De deelvragen die als eerste zullen worden beantwoord, voor er een antwoord wordt gegeven op de onderzoeksvraag zijn:

1 Wat is de woontevredenheid van bewoners mbt de woningkenmerken?

2 Wat is de woontevredenheid van bewoners mbt de woonomgevingskenmerken?

3 Welke persoonlijke kenmerken hebben invloed op de woontevredenheid?

4 Wat is de invloed van het wel of niet wonen in het onderzoeksgebied op de woontevredenheid?

5 In hoeverre speelt het uitblijven van de herstructureringsplannen een rol bij de woontevredenheid?

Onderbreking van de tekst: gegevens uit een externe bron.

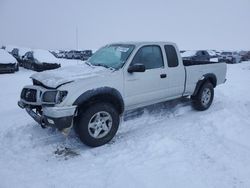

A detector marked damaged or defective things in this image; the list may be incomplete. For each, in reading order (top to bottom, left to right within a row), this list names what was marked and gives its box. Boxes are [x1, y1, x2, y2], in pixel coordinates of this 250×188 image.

damaged front end [18, 85, 76, 135]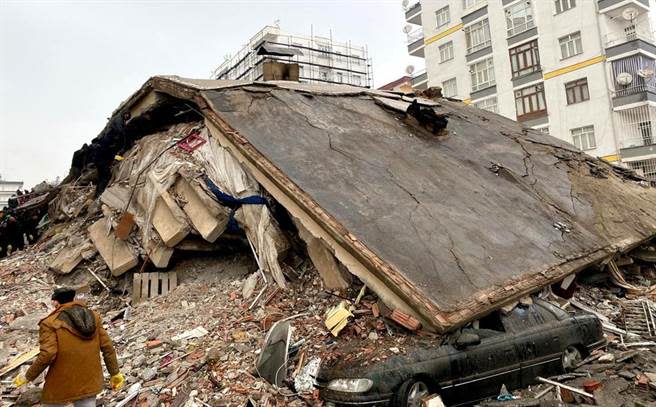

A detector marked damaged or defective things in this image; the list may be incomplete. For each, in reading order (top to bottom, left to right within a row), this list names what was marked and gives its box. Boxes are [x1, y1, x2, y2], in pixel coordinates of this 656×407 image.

crushed car [318, 298, 604, 406]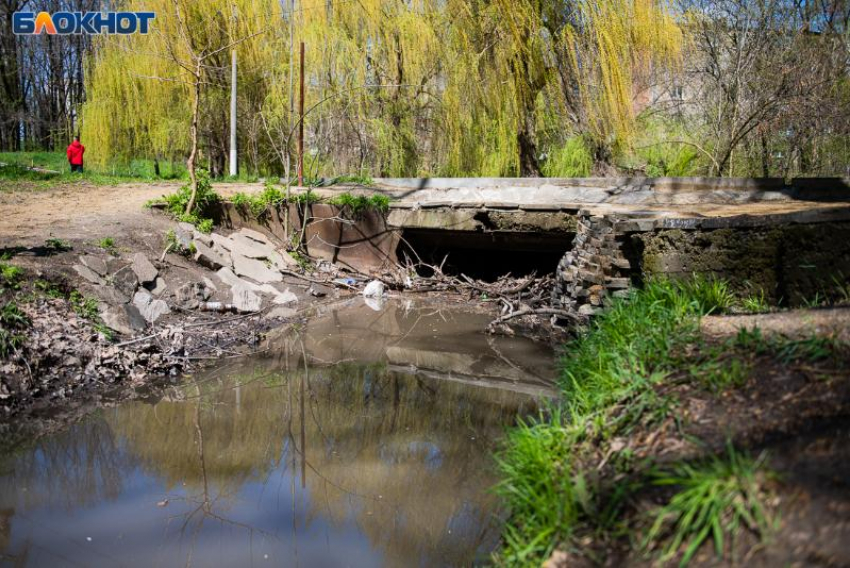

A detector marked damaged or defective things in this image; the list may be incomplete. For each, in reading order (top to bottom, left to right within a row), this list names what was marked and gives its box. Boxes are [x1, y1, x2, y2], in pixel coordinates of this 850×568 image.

broken concrete slab [73, 264, 105, 286]
broken concrete slab [78, 255, 107, 278]
broken concrete slab [112, 266, 138, 300]
broken concrete slab [130, 254, 158, 286]
broken concrete slab [193, 241, 230, 272]
broken concrete slab [230, 282, 260, 312]
broken concrete slab [230, 255, 284, 284]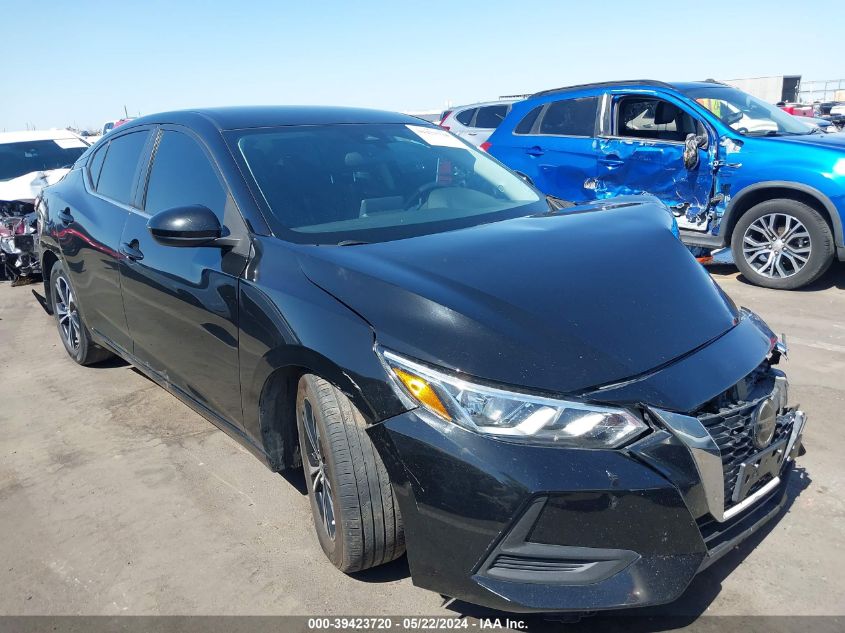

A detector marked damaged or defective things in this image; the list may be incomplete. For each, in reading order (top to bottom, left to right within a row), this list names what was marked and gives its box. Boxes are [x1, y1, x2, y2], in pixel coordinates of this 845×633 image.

dented hood [0, 168, 68, 202]
damaged blue car door [592, 90, 712, 233]
dented hood [296, 198, 740, 396]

7.1.1. De woontevredenheid met betrekking tot de woningkenmerken:

Uit de resultaten komt naar voren dat bewoners in meerderheid aangeven dat de warmte-isolatie en de geluidsisolatie niet goed zijn. Ondanks de ontevredenheid over de isolatie is een meerderheid van de bewoners tevreden over de woning. De verklaring voor deze tevredenheid over de woning, ondanks de tekortkomingen ervan die bewoners aangeven lijkt voornamelijk te liggen in de huurprijs die de woningen hebben. De woningen zijn relatief goedkoop, wat meerdere malen wordt aangedragen als pluspunt van de woning. Dit gegeven lijkt er voor te zorgen dat men minder kritisch is over de zwakkere aspecten van de woning en dit voor lief neemt. Zo zijn bewoners die woonachtig zijn in een huis met centrale verwarming niet meer tevreden over de woning dan bewoners zonder centrale verwarming. Ondanks het feit dat woningen met cv beter warm te houden zijn neemt de tevredenheid over de woning niet toe. Dit valt te verklaren door de verhoging van de huur die gepaard gaat met het wonen in een huis met cv. De huur van woningen met cv ligt gemiddeld €100 per maand hoger.

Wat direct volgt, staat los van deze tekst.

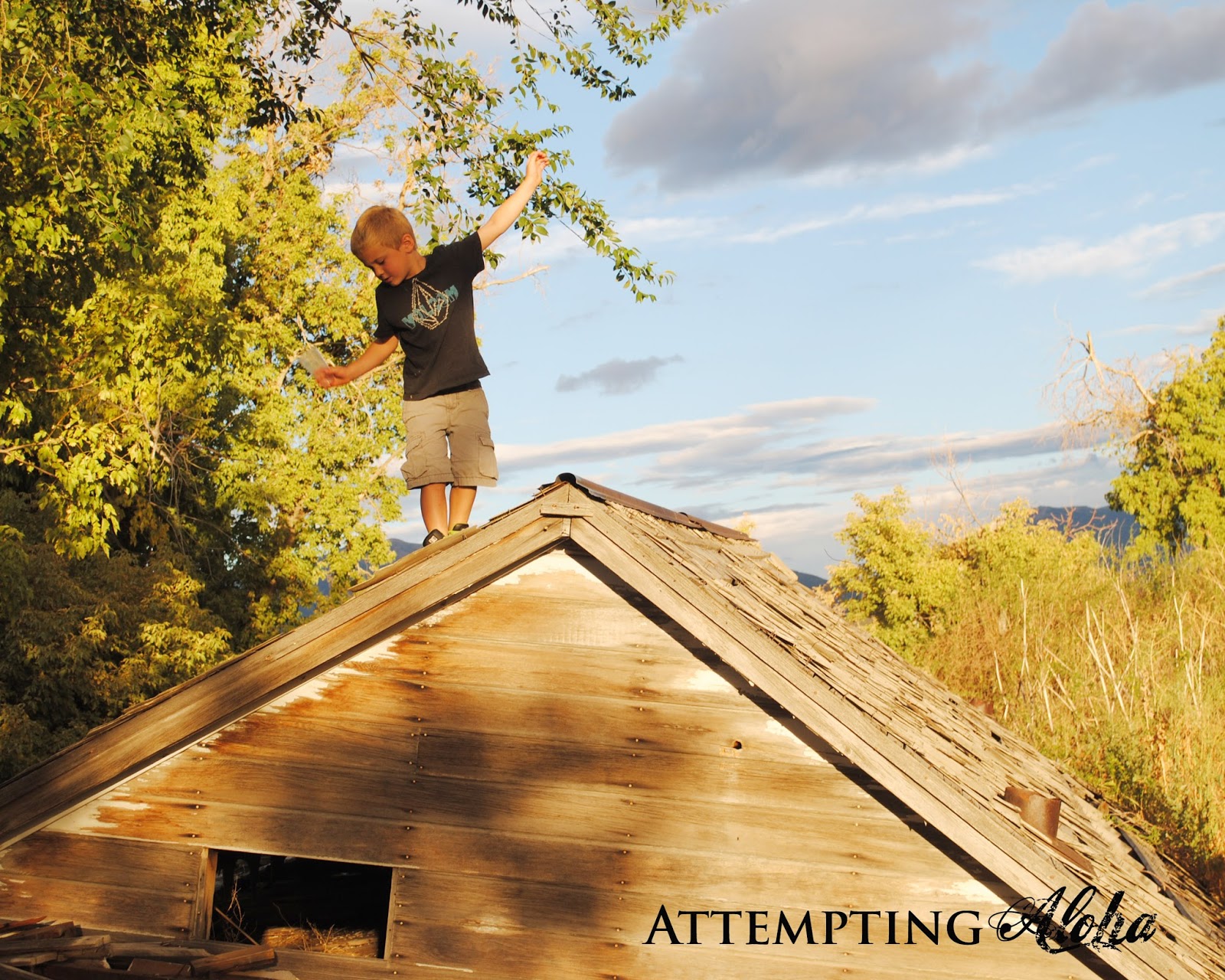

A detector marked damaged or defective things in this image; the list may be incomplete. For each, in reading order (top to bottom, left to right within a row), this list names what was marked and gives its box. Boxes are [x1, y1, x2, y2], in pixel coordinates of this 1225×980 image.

Omtrent de relatie tussen de woningkenmerken en de woontevredenheid kan worden gezegd dat de bewoners niet dezelfde indruk van de woning hebben als de gebiedsbeheerder beschreef. De isolatie is niet acceptabel te noemen, maar de inrichting van het huis, het sanitair, de kozijnen en het al dan niet aanwezig zijn van ongedierte wordt over de gehele linie positief beoordeeld.

Wel doen de open antwoorden vermoeden dat de tevredenheid over de woning voor een groot deel wordt bepaald doordat deze groep bewoners niet enkel naar de fysieke staat van de woning kijkt, maar ook naar andere kenmerken als de ligging en de aanwezigheid van een tuin. Ontevreden bewoners houden wel de focus op de fysieke staat.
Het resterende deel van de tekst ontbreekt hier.